Zum Schluss noch ein Trend, über den ich in der Vergangenheit schon sehr viel geschrieben habe. Vielleicht ist der Begriff Trend auch vollkommen falsch, Verpflichtung wäre möglicher Weise der bessere Begriff.

Bei Sustainability geht es um weit mehr als um Greenwashing. „Schau mal, ich verwende in meinen Verpackungen 20% weniger Plastik“, das hat mit Sustainability nichts zu tun. Es geht vielmehr darum, das gesamte System, in dem wir es uns gemütlich gemacht haben, als Ganzes zu hinterfragen. Denn wenn wir es nicht tun, unsere Zielgruppen tun das. Und besser wir selbst setzen uns an die Speerspitze der Bewegung, als dass wir immer wieder getrieben werden. Viele Unternehmen haben das bereits erkannt und haben sich sehr proaktiv der Sache angenommen. Aber selbst da ist noch einiges an Luft nach oben.

Unsere Industrie, das ist nun mal leider eine Tatsache, produziert kalkulierten Müll (so wie viele Industrien auch). Wir müssen uns jetzt die Frage stellen, wie schaffen wir es unsere Produktion und unsere legitimen finanziellen Interessen mit nachhaltigem wirtschaften in Einklang zu bringen?

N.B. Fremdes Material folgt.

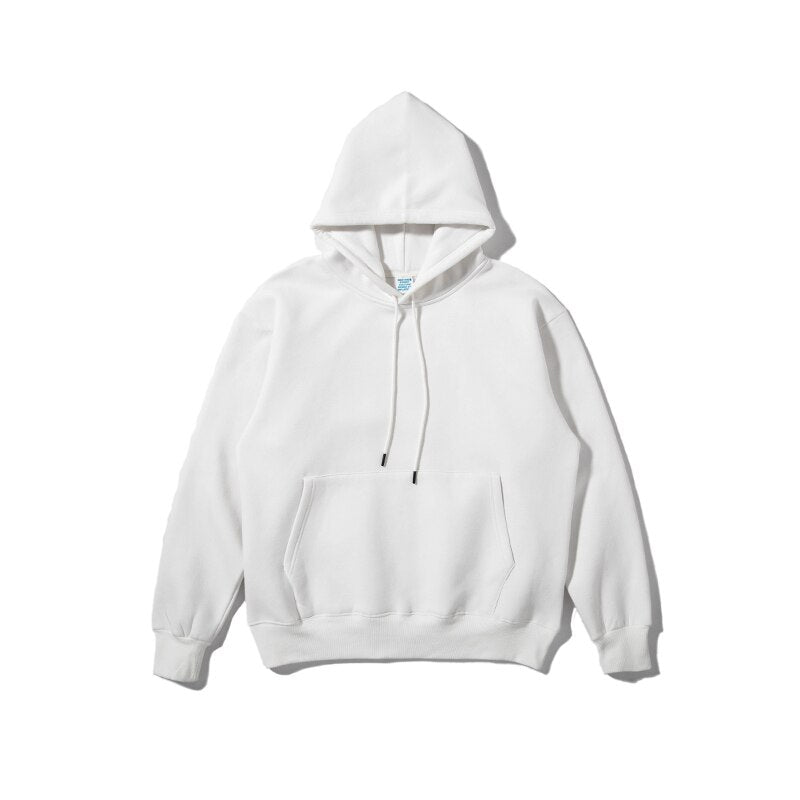 INFLATION Solid Color Fleece Hoodies Men Winter Thick Warm Hooded Sweatshirts Unisex Blank Pullovers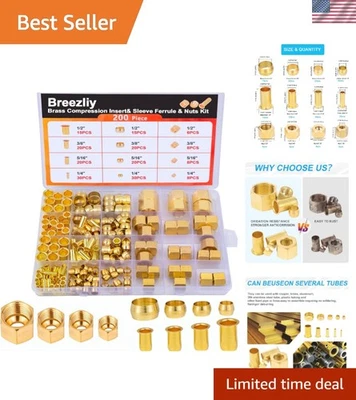 Duradero 200 PIEZAS Virola de latón e insertos de compresión - Cuatro tamaños incluidos Foto 1 de 4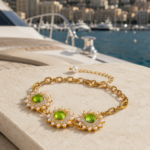 Vintage Peridot Green Pearl Sunflower Bracelet, 18K Gold Plated Bold Chain Jewelry, Old Money Luxury Statement Piece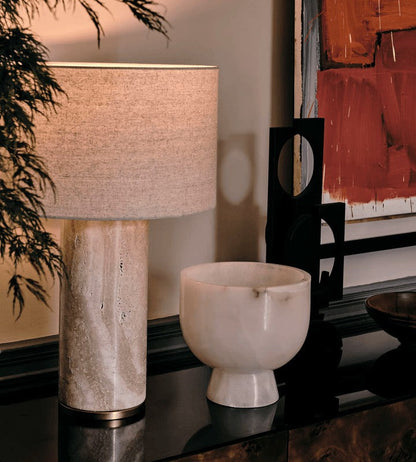 Yellow Travertine Table Lamp with Beige Linen Shade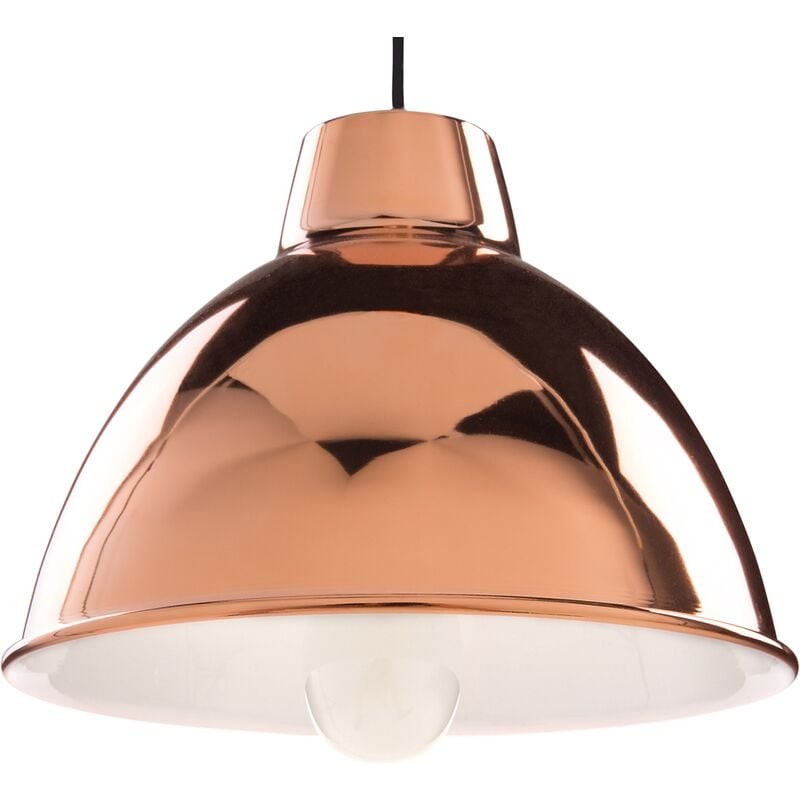 Beliani - Modern Industrial Ceiling Light Pendant Light Glossy Round Shade Copper Darya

Wenn es uns Ernst ist mit der Nachhaltigkeit, dann müssen wir die Produktion und die Produkte selbst überdenken. Das beginnt damit wie wir die Arbeiter*innen in den produzierenden Ländern behandeln und bezahlen, wie und wo wir zukünftig produzieren, um lange umweltschädliche energie-intensive Transportwege zu vermeiden oder mehr recycelte oder biologisch abbaubare Materialien für unsere Produkte zu verwenden. Darüber nachzudenken, welche Dienstreisen nötig sind oder nicht oder ob wir weiterhin die gewohnten Firmen- und Bürogebäude brauchen, wenn doch auch viele von zuhause arbeiten könnten. 

Was ich damit sagen will ist einfach. Nachhaltiges Verhalten ist keine werbewirksame Einzelmaßnahme, sondern ein kompliziertes Gewebe von weit verzweigten Verflechtungen, die sich alle immer wieder gegenseitig beeinflussen. Sich nur einen Einzelaspekt heraus zu picken ist nicht mehr als ein Ablenkungsmanöver, wissentlich oder unwissentlich.

So manche Industrien sind uns in dieser Sache schon ein ganzes Stück voraus. Auch was Diskussionen betrifft, die bei uns noch gar nicht begonnen haben. So hat die Diskussion um Fast-Fashion einiges an Sprengkraft und löst zunehmendes Unwohlsein und Kaufzurückhaltung auf Konsumentenseite aus. Was ist denn mit Fast-Toys? Produkte, die in immer neuen Wellen auf den Markt gebracht werden? Wohl wissend, dass vieles davon fast nahtlos in den Müll wandert? Blindpacks, die immer wieder gekauft werden, nur um endlich einmal das lang ersehnte Stück in Händen zu halten? Als Geschäftsmodell und aus finanzieller Sicht super. Aus nachhaltiger Sicht? Nun ja.

Und wer jetzt hier Verrat wittert. Ganz im Gegenteil. Du sitzt entweder auf dem Fahrersitz und lenkst oder Du bist bestenfalls Beifahrer und schaust zu. Und im schlimmsten Fall lässt man Dich sogar nicht einmal mehr einsteigen und Du bleibst zurück. Wäre es da nicht sehr viel sinnvoller sich jetzt schon als Fahrer*in zu qualifizieren?

Trends schaffen

Das war mein persönlicher Einblick in die Trends, die uns die nächste Zeit beschäftigen werden. Über jeden einzelnen Punkt könnte man sicher ein ganzes Buch schreiben. Aber so weit wollte ich heute nicht gehen. All das kann nur ein Gedankenanstoß für Dich sein. Ein Anlass sich mit diesen Themen zu beschäftigen oder für Dich selbst ganz andere Trends zu erschließen. Denn Trends kommen nicht aus dem luftleeren Raum. Trends werden gemacht. Durch jeden einzelnen. Nimm die Idee auf und geh Deinen Weg. Und wer weiß, vielleicht wird das einmal ein Trend für die ganze Industrie.